Electric Guitar String Sets
|String Set Size||Total Overall Tension Per Set|
|0.09 to 0.042||84.88 lbs|
|0.010 to 0.046||102.52 lbs|
|0.011 to 0.049||117.11 lbs|
Acoustic Guitar String Sets
|String Set Size||Total Overall Tension Per Set|
|0.10 to 0.47||130.2 lbs|
|0.11 to 0.52||144.63 lbs|
|0.12 to .053||156.42 lbs|
As can be seen from these figures, there’s a significant increase in the amount of overall tension between the various sets of strings. That’s an extra strain of between almost 15 to 27 lbs.
What Sort Of Problems Can Extra String Tension Cause?
We mentioned the neck briefly earlier, but let’s look at the neck and other issues that can be caused by changing the string gauge on your guitar.
Potential Problems With The Neck
What happens to the neck when heavier gauge strings are fitted to the guitar is, it’s effectively pulled upwards. The extra tension in the strings exerts an upwards force on the neck of the guitar. To adjust this bending of the neck, the truss rod needs to be tightened.
It should be done in stages and is best done by a luthier who understands the intricacies of guitar necks and truss rods in particular. It’s easy to cause more harm than good if you don’t know exactly what you’re doing which is why we recommend leaving it to the professionals.
Potential Problems With The Nut
Depending on how heavier a set of strings you decide to put on your guitar, you could need to adjust the slots in the nut that the strings sit in. You might even need to replace the nut completely to accommodate heavier gauge strings. One of the main causes of strings going out of tune on a guitar is the string gets caught in the nut.
If the guitar is relatively old and you replace light gauge strings with extremely heavy gauge strings, it is even possible to break the nut. Changing the nut is an easy task to perform and even new guitarists can change the nut with no problem.
Potential Problems With The Bridge
If you own an electric guitar which has a Floyd Rose bridge or a bridge similar to a Stratocaster bridge, you might find you need to adjust the bridge too. The extra tension can cause the bridge to lift as the strings pull upwards on the bridge.
To alleviate this issue, you’ll need to tighten the screws that control string tension to pull the bridge back down.
Which Gauge Strings Are Best?
The reality is, there is no one size fits all when it comes to guitar strings. It all comes down to personal preference and nobody can tell you your personal preference apart from you. We would advise trying strings of different gauges and see which suits your playing style best. But in summary of the above points:
Light Gauge Strings:
- Are easier to play
- Tend to break easier
- Are easier to fret
- Much easier to bend
- Have a clear, high end, treble sound
- Can sound “tinny”
Heavy Gauge Strings:
- Have a richer, fuller sound
- Are less prone to breaking
- Rarely go out of tune
- Are harder to play
- Allow the action to be lowered
- Are more difficult to bend
When you decide on which string gauge is best for you, let us know in the comments.

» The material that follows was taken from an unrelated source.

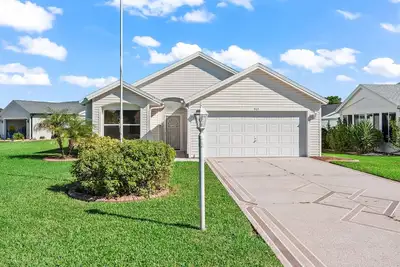 Image de 2/2 Biscayne Model w/ Golfcart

Frequently Asked Questions
Lighter guitar strings are easier to play because they need less force to press them down. This requires less strength in the fingers to achieve a clear note.

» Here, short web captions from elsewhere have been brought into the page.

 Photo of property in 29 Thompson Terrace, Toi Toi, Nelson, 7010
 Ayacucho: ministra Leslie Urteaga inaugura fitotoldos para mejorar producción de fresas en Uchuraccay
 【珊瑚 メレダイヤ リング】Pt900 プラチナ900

Heavier guitar strings have a warmer, richer tone and are louder than lighter strings but they do not necessarily sound better. Many top guitarists prefer lighter gauge strings as they can be played faster and easier than heavier gauge strings.
Light gauge strings tend to break easier than heavier gauge strings especially if you are playing them incorrectly.
You can get a lower action with heavier strings because they are under more tension which means a narrower vibration. That means the action can be lower without causing fret buzz.